+++ DATA SHOWN +++
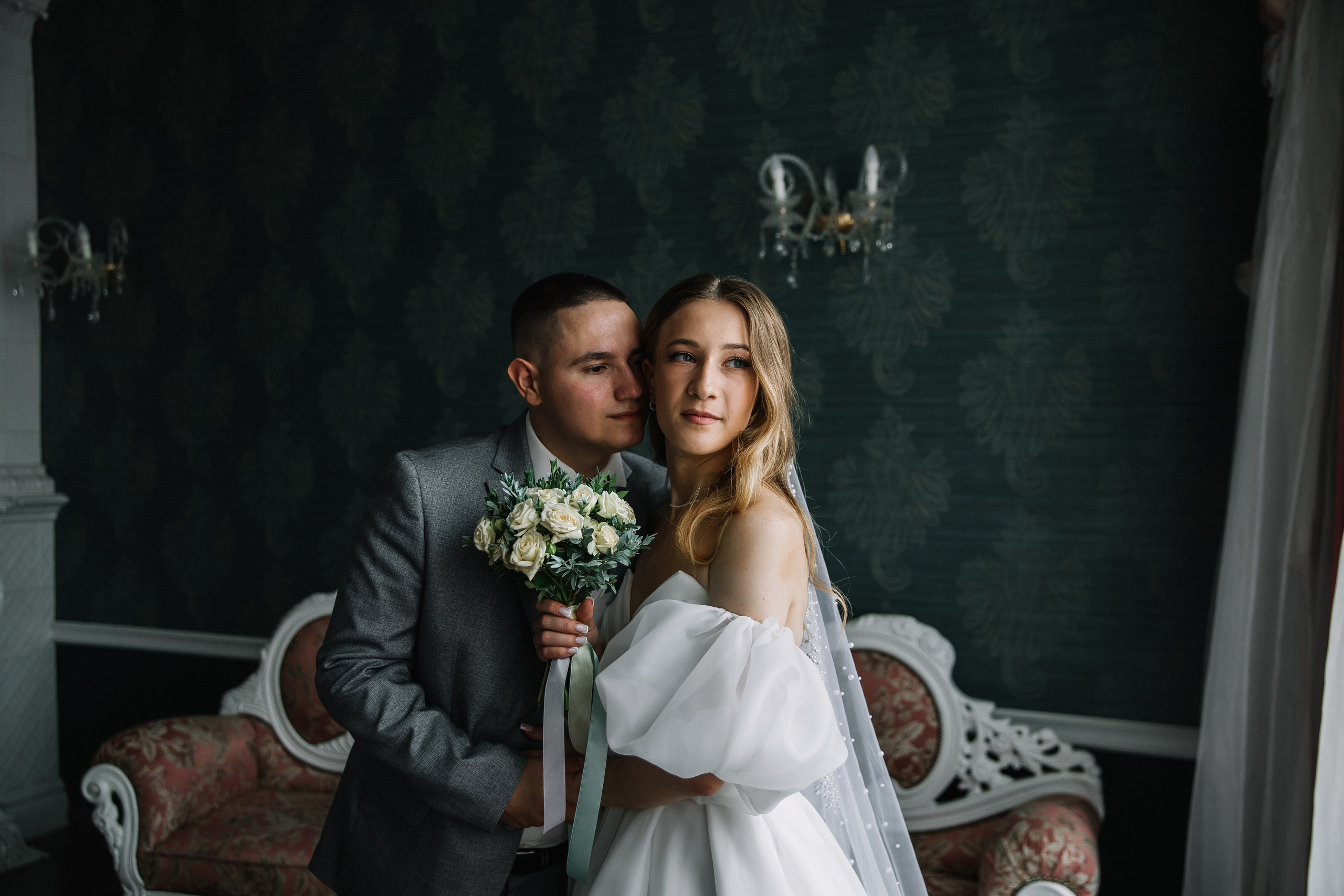 Твое волшебное «люблю». VOLOCHKOVA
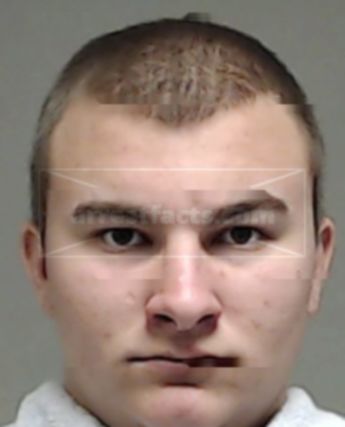 Justin Dale Marion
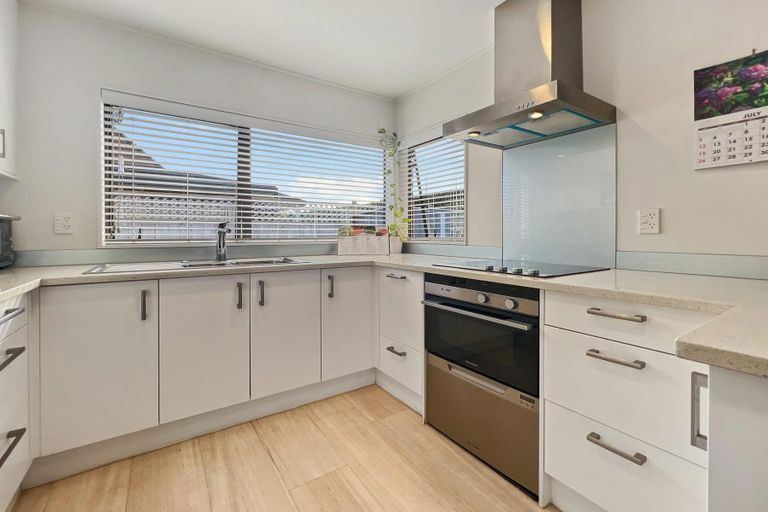 Photo of property in 6/18 Williams Road, Hobsonville, Auckland, 0618
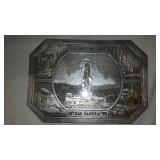 State Plates And More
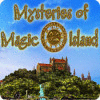 Mysteries of Magic Island 게임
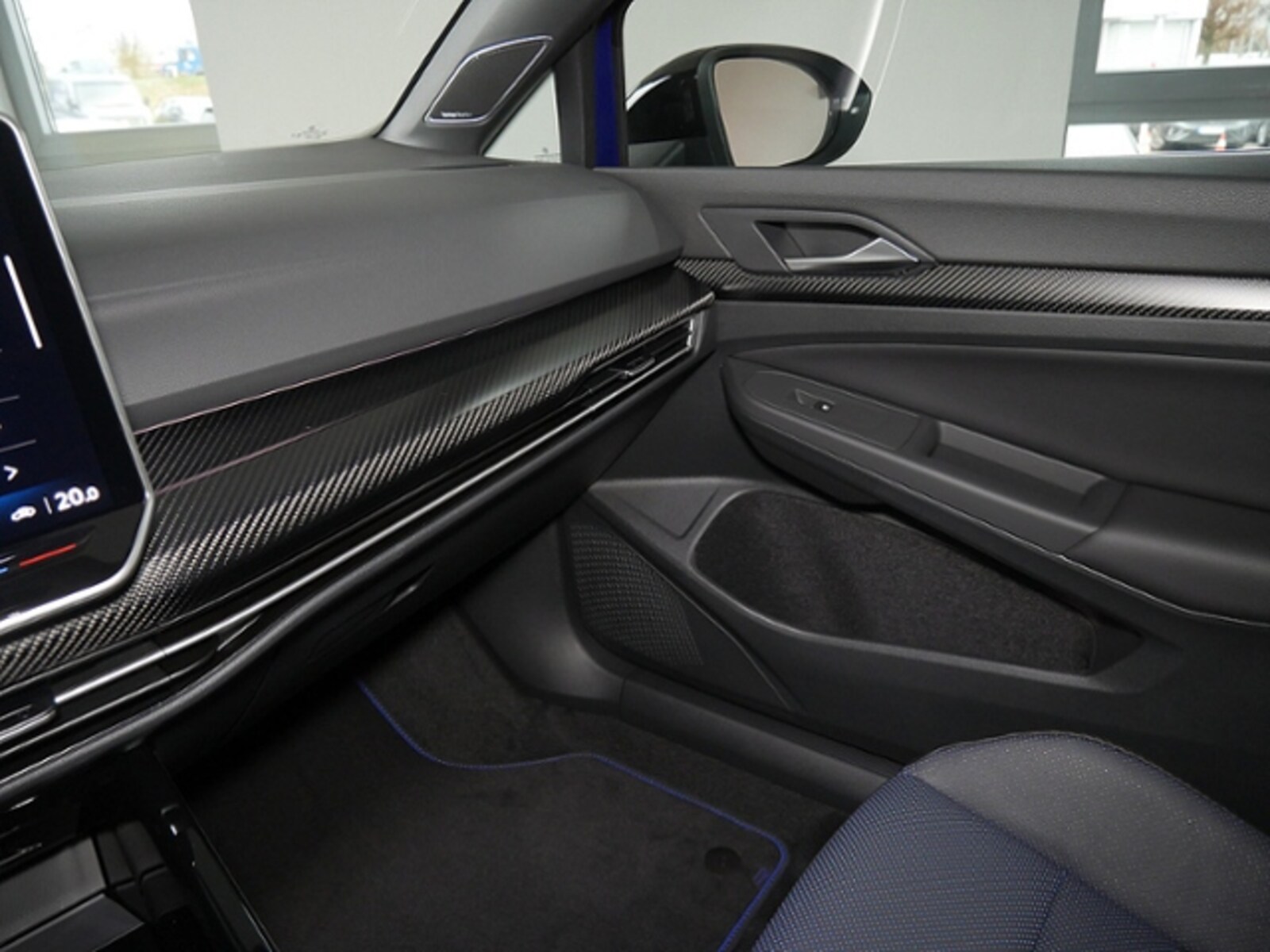 Volkswagen Golf Variant – Bild 26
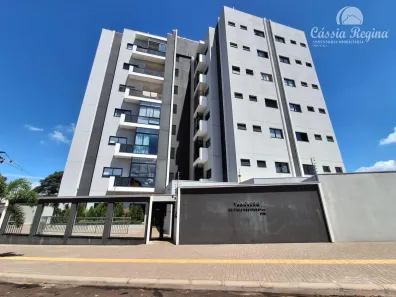 Apartamento com 1 Quarto à venda, 70m² no Porto Belo, Foz do Iguaçu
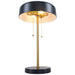 Obni - Table Lamp - Black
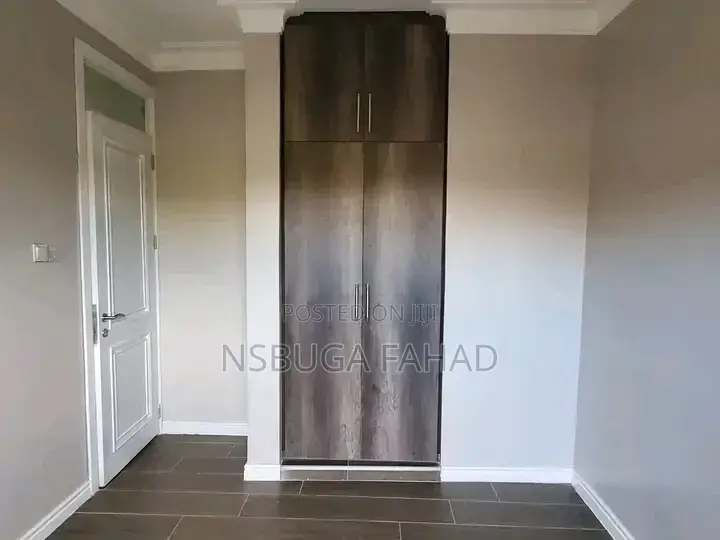 2bdrm House in Kisaasi Bahai, Central Division for rent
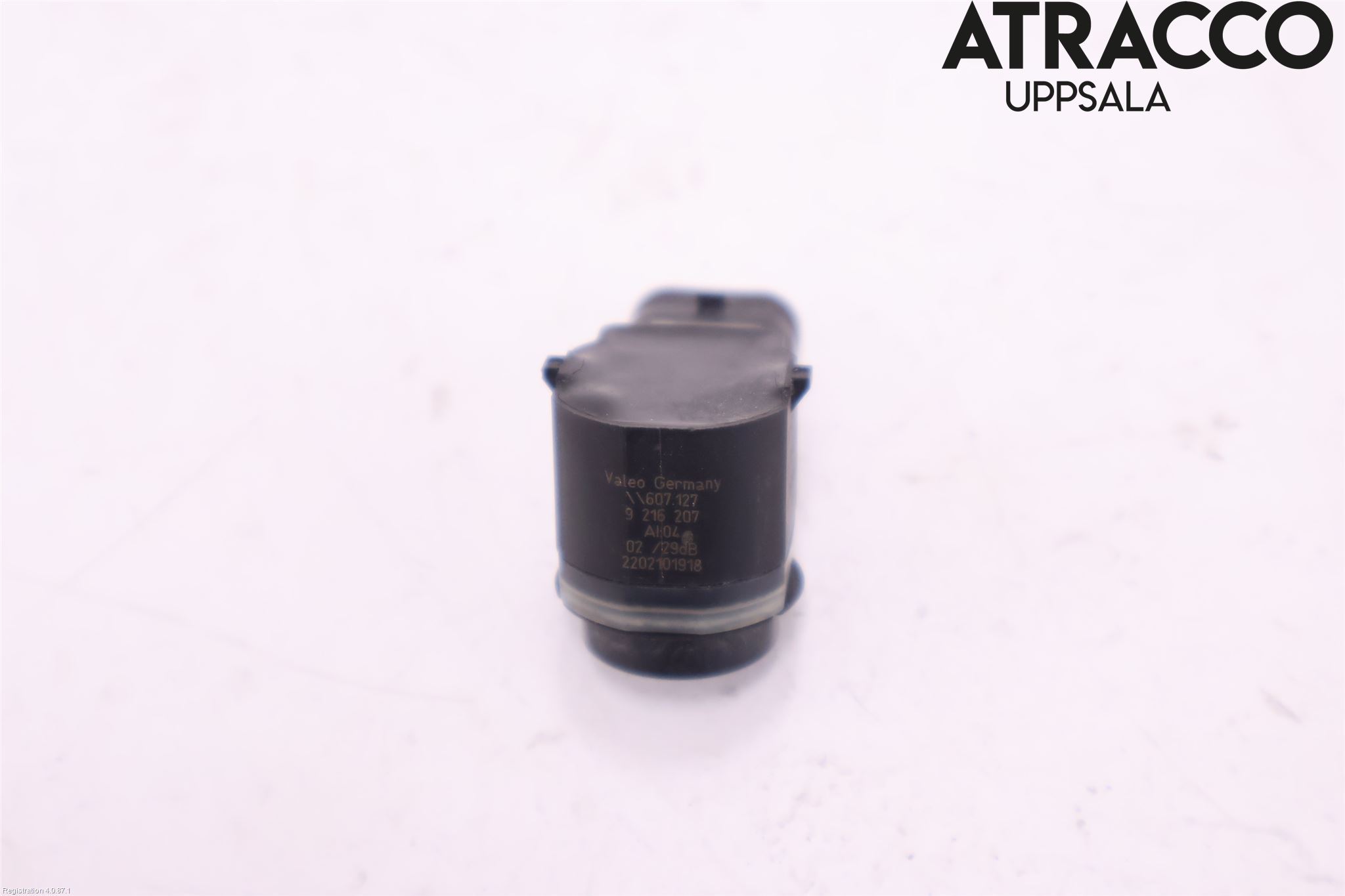 BMW 5 GT F07 09-17 Sensor Ryggesensor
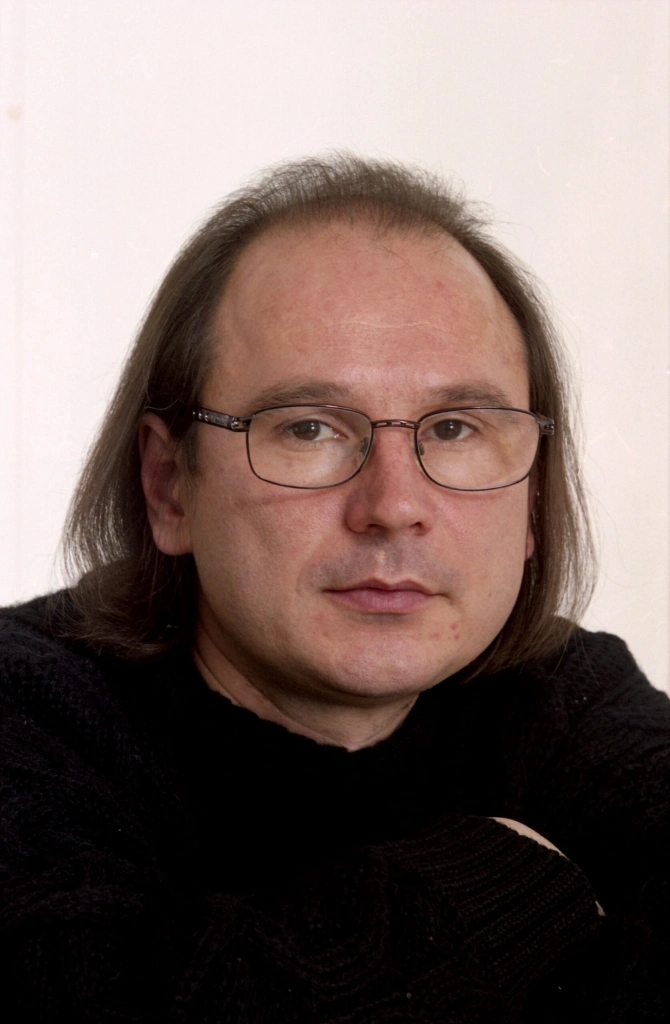 Алексей Балабанов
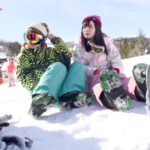 ＜素人＞ 「そんなつもりじゃなかったのに…」と言いながらあらゆる状況で3Pセックスをしてしまった女たち スノボ・コテージで…/ホテルで…/アパートで…/ロケの流れで騙されて… 『FANZA』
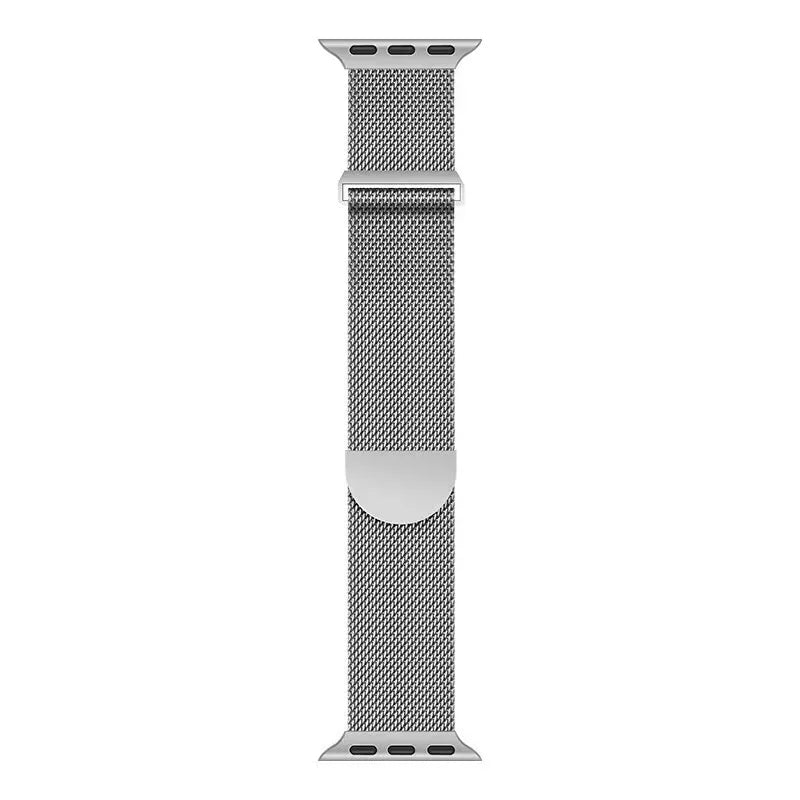 Apple Watch Milanese Metal Band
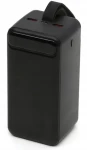 Platinet PMPB5020B čierna / Powerbanka / 50 000 mAh (45872)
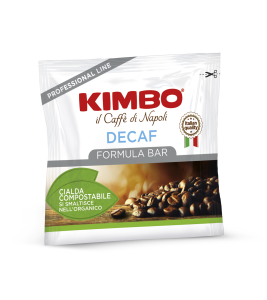 Kimbo Decaffeinato Кафе Дози 100 бр.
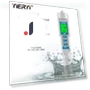 Waterproof Digital PH EC TDS Meter 3 In 1 — Hydrometers, yieryi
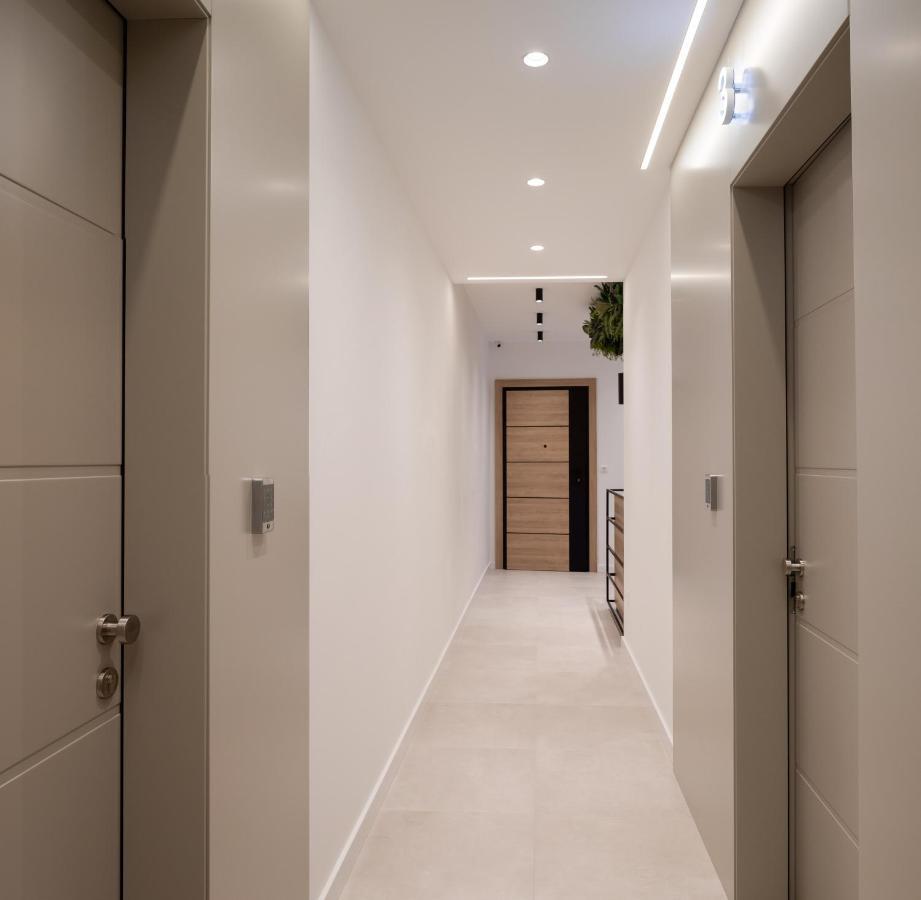 Luxury Rooms Unicus I, Ii, IV Spalato Esterno foto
+++
**TASK BRIEF**
From the first line to the last, repeat the records exactly, leaving out the pictures.

**WRITTEN SOLUTION**
 Твое волшебное «люблю». VOLOCHKOVA
 Justin Dale Marion
 Photo of property in 6/18 Williams Road, Hobsonville, Auckland, 0618
 State Plates And More
 Mysteries of Magic Island 게임
 Volkswagen Golf Variant – Bild 26
 Apartamento com 1 Quarto à venda, 70m² no Porto Belo, Foz do Iguaçu
 Obni - Table Lamp - Black
 2bdrm House in Kisaasi Bahai, Central Division for rent
 BMW 5 GT F07 09-17 Sensor Ryggesensor
 Алексей Балабанов
 ＜素人＞ 「そんなつもりじゃなかったのに…」と言いながらあらゆる状況で3Pセックスをしてしまった女たち スノボ・コテージで…/ホテルで…/アパートで…/ロケの流れで騙されて… 『FANZA』
 Apple Watch Milanese Metal Band
 Platinet PMPB5020B čierna / Powerbanka / 50 000 mAh (45872)
 Kimbo Decaffeinato Кафе Дози 100 бр.
 Waterproof Digital PH EC TDS Meter 3 In 1 — Hydrometers, yieryi
 Luxury Rooms Unicus I, Ii, IV Spalato Esterno foto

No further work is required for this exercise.